Joshua Mao
University of California, Berkeley
Berkeley (37.8° N, 122.2° W)
conversation with Vivas Kumar,Tesla, San Francisco (37.7° N, 122.4° W)
Vivas Kumar is a member of Tesla’s Battery Team, where he leads negotiations for contracts for Tesla’s battery raw materials supply chain. He graduated from Rice University in 2014 with Electrical and Computer Engineering degree. Upon graduation, he first joined McKinsey & Company in management consulting and later arrived at Tesla in 2016. While in college, Vivas joined Engineers Without Borders-USA and stayed active many years. His dedication to the organization led him to serve as a member of the board of directors and as chief of staff to the executive director, where he was involved in decision-making and represented the organization in national and international public speaking engagements.
Highlights from the Interview
What led to your current position?
For my role right now, they wanted somebody with a good mix of both technical skills, aptitude for learning highly technical content, as well as somebody who has sort of seen the business world. Somebody who is pretty comfortable around negotiating contracts, putting together proposals for suppliers, conducting mostly business meetings with executives and suppliers. I filled both of those roles pretty well. One, because I have an engineering background, the second is, because of my experience as a management consultant, I did have some of this business background that was necessary to succeed in the role.
What does your position mostly entail of doing? What do you do during a normal day of your job?

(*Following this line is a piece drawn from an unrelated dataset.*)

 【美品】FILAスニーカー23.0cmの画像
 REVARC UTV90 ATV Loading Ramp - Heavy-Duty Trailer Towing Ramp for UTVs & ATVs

I work at the battery supply chain team. My team is responsible for sourcing all of the materials and commodities that you would need to make batteries. If you think about Tesla as a company, the one element that is consistent across almost all of the products, it’s that batteries are used for energy storage. When I talk about materials, I’m talking about like lithium, nickel, cobalt, graphite… literally just base earth metals that are used to make batteries. My job is to negotiate contracts with suppliers, mostly for lithium, but also help with the other commodities. In terms of my day-to-day, I’m only here at the office about 50% of the time. And I’m traveling basically all over the world for the other 50%. And when I am travelling, it’s mostly doing negotiations with suppliers or doing supplier visits. Whenever I’m in town, it’s usually all about progressing contracts with our lawyers, doing executive reviews, and making sure that I still stay plugged in with the company as a whole. Because there’s a lot more going on beyond our small battery team.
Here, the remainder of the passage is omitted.